Power - the Reunion Tour (Jun 11 2012)

Message boards : Technical News : Power - the Reunion Tour (Jun 11 2012)

To post messages, you must log in.

AuthorMessage
Profile Matt Lebofsky
Volunteer moderator
Project administrator
Project developer
Project scientist
Avatar

Send message
Joined: 1 Mar 99
Posts: 1441
Credit: 213,689
RAC: 0
United States
Message 1244754 - Posted: 11 Jun 2012, 22:17:30 UTC

Kind of a bumpy weekend. So we moved that database (which handles the seti.berkeley.edu website) from Dan's new but oddly crashy desktop on my new desktop. Then over the weekend MY new desktop started crashing at random. You'd think this is now clearly related to the database, but Dan's desktop continued to crash after moving the mysql database off of it. And upon further inspection both systems sometimes crash before the OS is even loaded.

So this looks like a hardware problem after all. Funny how both of these new systems are failing in the same manner. We think it has to do with the power outages from a couple weeks ago sending some jolts into these perhaps more sensitive systems.

But speaking of outages, completely separate from those previous power issues which have since been fixed, there was a brand new problem affecting just this building (and all the projects within it, including SETI@home/BOINC). This one was worse, starting in the middle of the night, and by the time anybody could do anything power was up and down several times, and some outlets delivering half power, etc.

The repairs were much faster, and we were stable again around noon, but upon turning everything back on we found we completely lost thinman, the main web server. Totally dead. However, quite luckily, we happened to have a spare old frankenstein machine kicking around, and I was able to do a "brain transplant" i.e. swap the drives from thinman to this other machine. Now this other machine thinks it is thinman and is working quite well as a web server. Dodged a major bullet there.

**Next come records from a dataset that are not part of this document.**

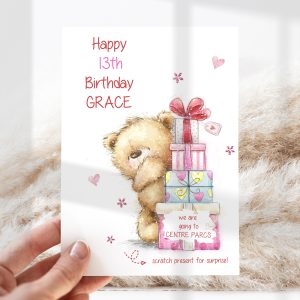 Birthday Scratch Card Teddy with Presents Card
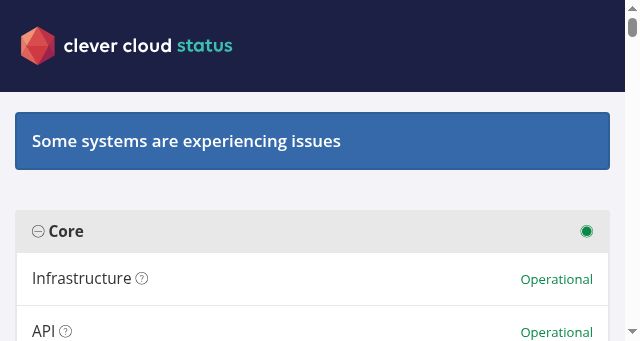 Screenshot of clevercloudstatus.com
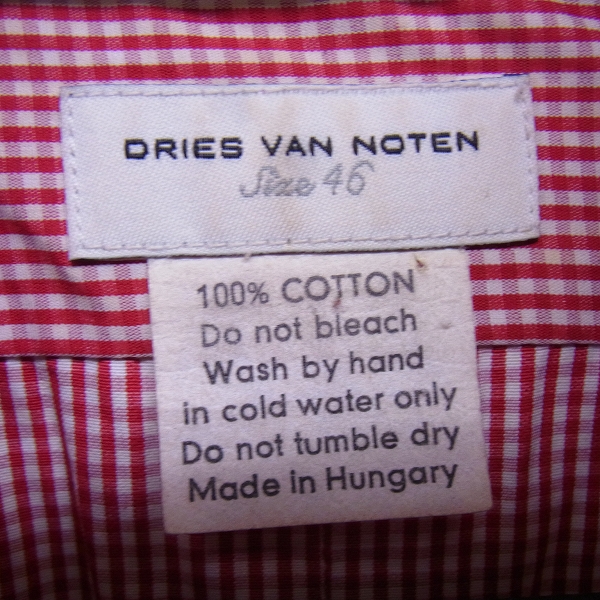 実際に弊社で買取させて頂いたDries Van Noten/ドリスヴァンノッテン シャツ チェック コットン/46の画像 3枚目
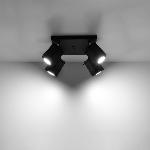 Stropna svetilka MERIDA 4 črna (25x25x16cm)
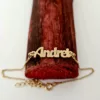 Bratara personalizata cu nume si lantisor - Argint 925 placat Aur Galben 18K-Bijuterii cu nume-Personalizate >> Ocazie >> Bijuterii cu nume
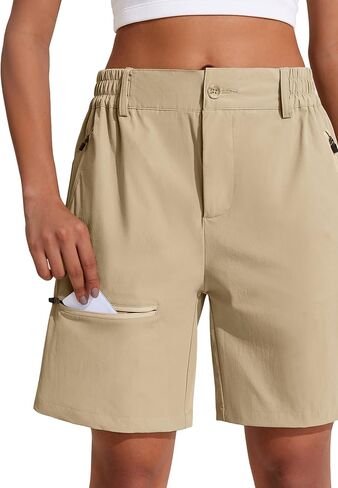 COOrun Womens Hiking Cargo Shorts Quick Dry Summer Half Pants Golf Travel Athletic 8"/7" Length Shorts with Zipper Pockets in Kuwait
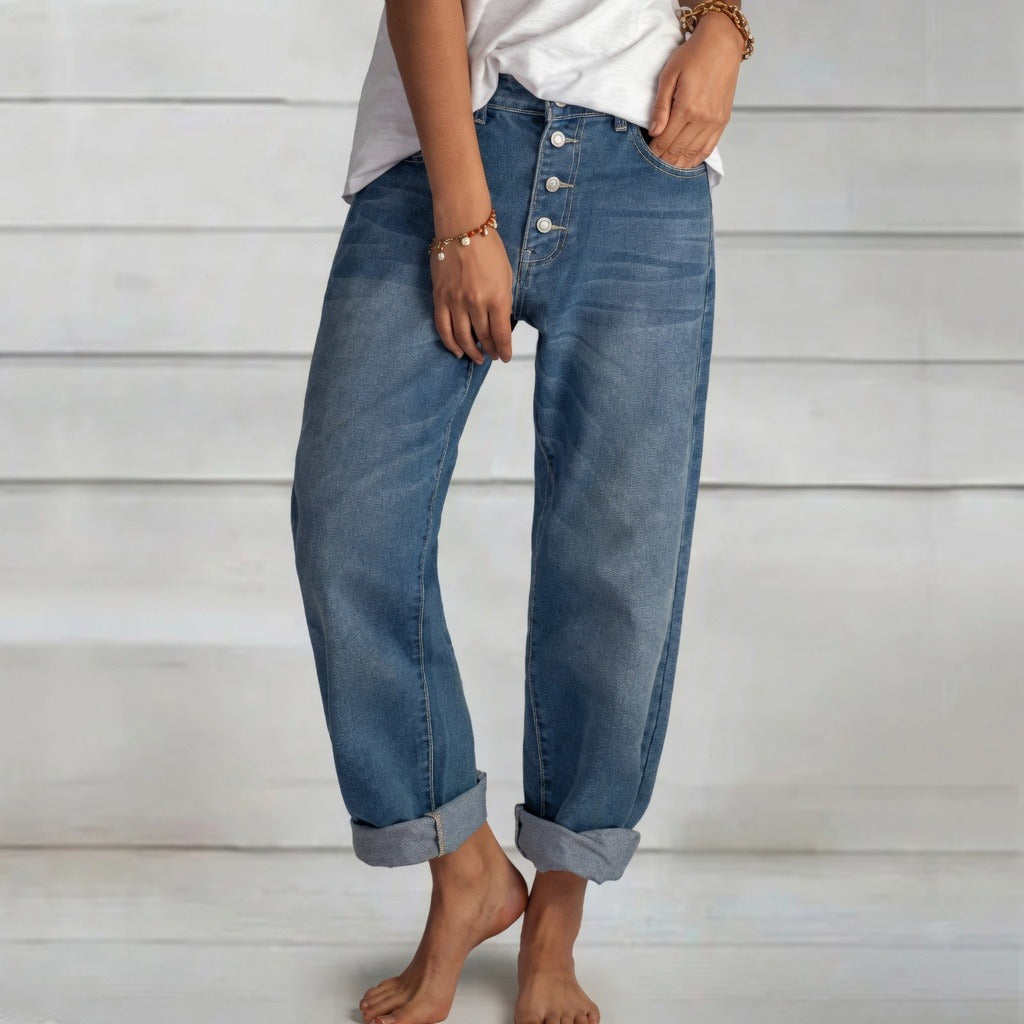 Kaden - Jeans Rectos de Cintura Alta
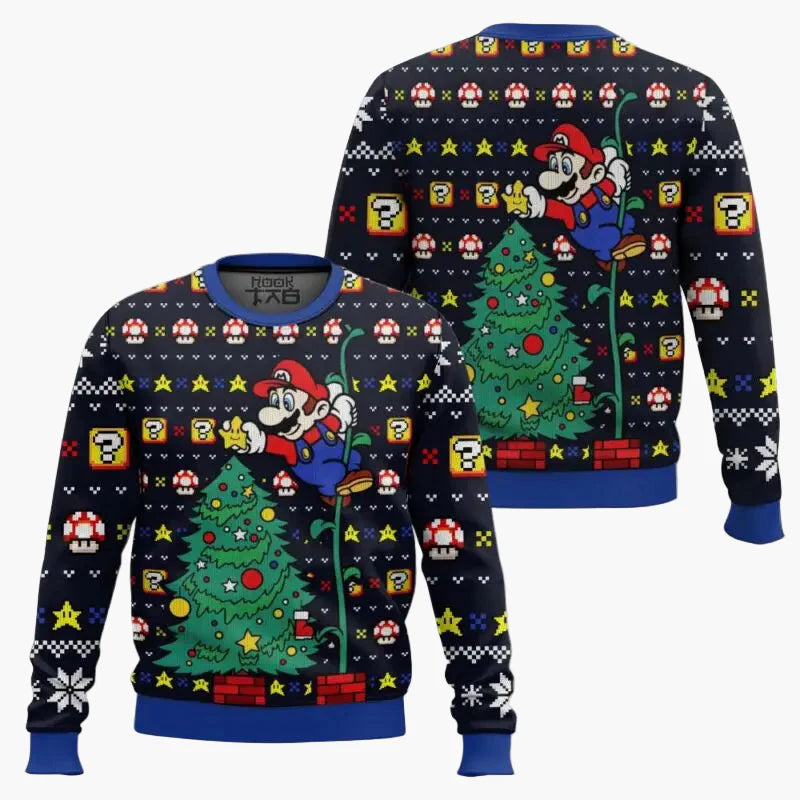Herren Ugly Christmas Sweater – Retro Gamer Pixel Mario Pullover für Weihnachten & Gaming-Fans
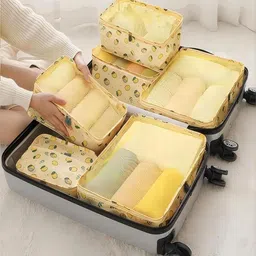 HOUSE OF QUIRK Yellow 7 Pieces Regular Multi-Utility Organisers-28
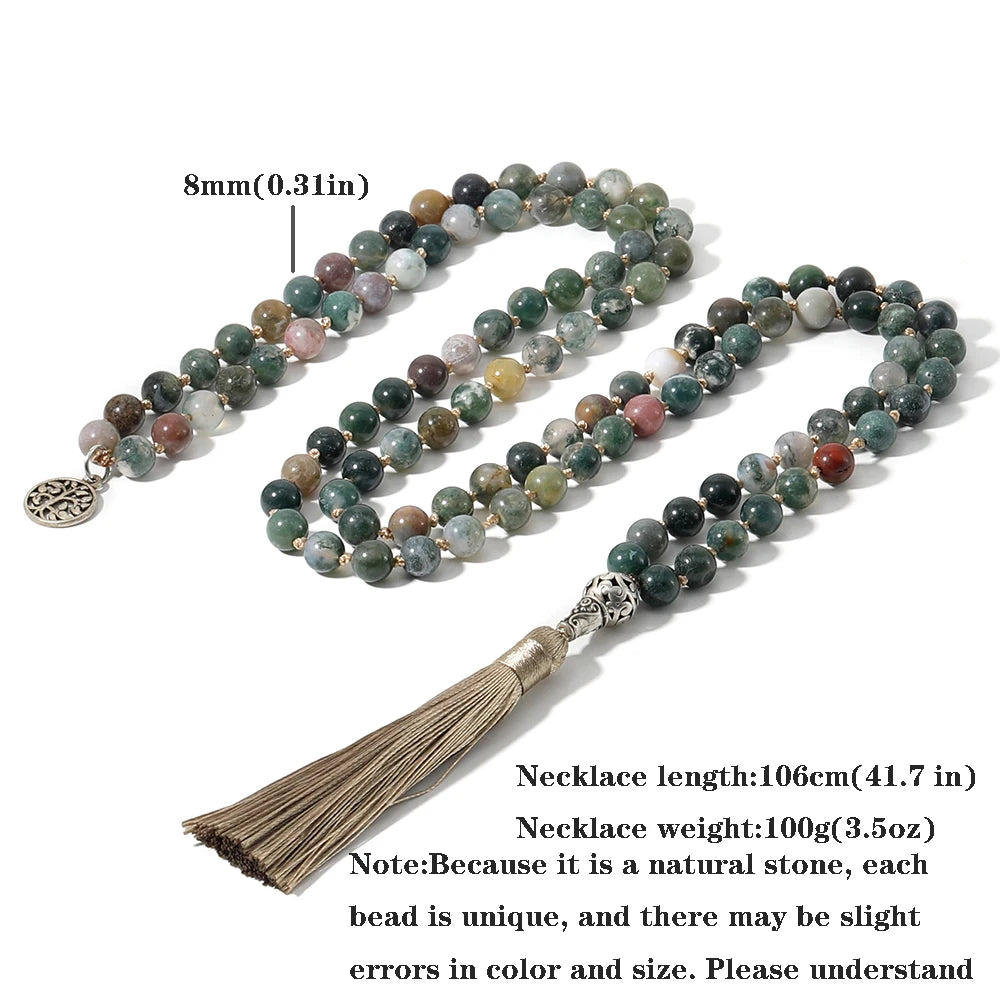 8mm Natural Indian Agate Beads Knotted 108 Mala Necklace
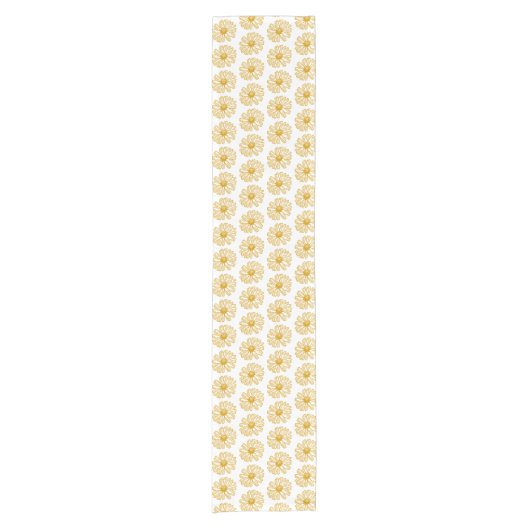 Golden Yellow Daisies Print, Daisy Floral Pattern Kurzer Tischläufer (Vorderseite)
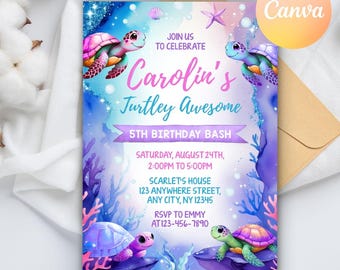 Meeresschildkröte Geburtstagseinladung, unter dem Meer Bearbeitbare Party Einladungsvorlage, Turtley Super Geburtstag, Sofortiger Download Canva Vorlage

I also happened to have my old desktop nearby, so I'm using that as I diagnose the new crashy one. Not sure who is responsible for all these damages and lost time, but it definitely shouldn't be us.

- Matt


-- BOINC/SETI@home network/web/science/development person
-- "Any idiot can have a good idea. What is hard is to do it." - Jeanne-Claude

ID: 1244754 · Report as offensive
ClaggyProject Donor
Volunteer tester

Send message
Joined: 5 Jul 99
Posts: 4623
Credit: 46,348,550
RAC: 2,965
United Kingdom
Message 1244764 - Posted: 11 Jun 2012, 22:28:48 UTC - in response to Message 1244754.  

Thanks for the update Matt,

Claggy

ID: 1244764 · Report as offensive
Profile Chris SCrowdfunding Project Donor
Volunteer tester
Avatar

Send message
Joined: 19 Nov 00
Posts: 38182
Credit: 21,365,988
RAC: 27,736
United Kingdom
Message 1244765 - Posted: 11 Jun 2012, 22:31:04 UTC

Thanks for the update Matt.

We think it has to do with the power outages from a couple weeks ago sending some jolts into these perhaps more sensitive systems.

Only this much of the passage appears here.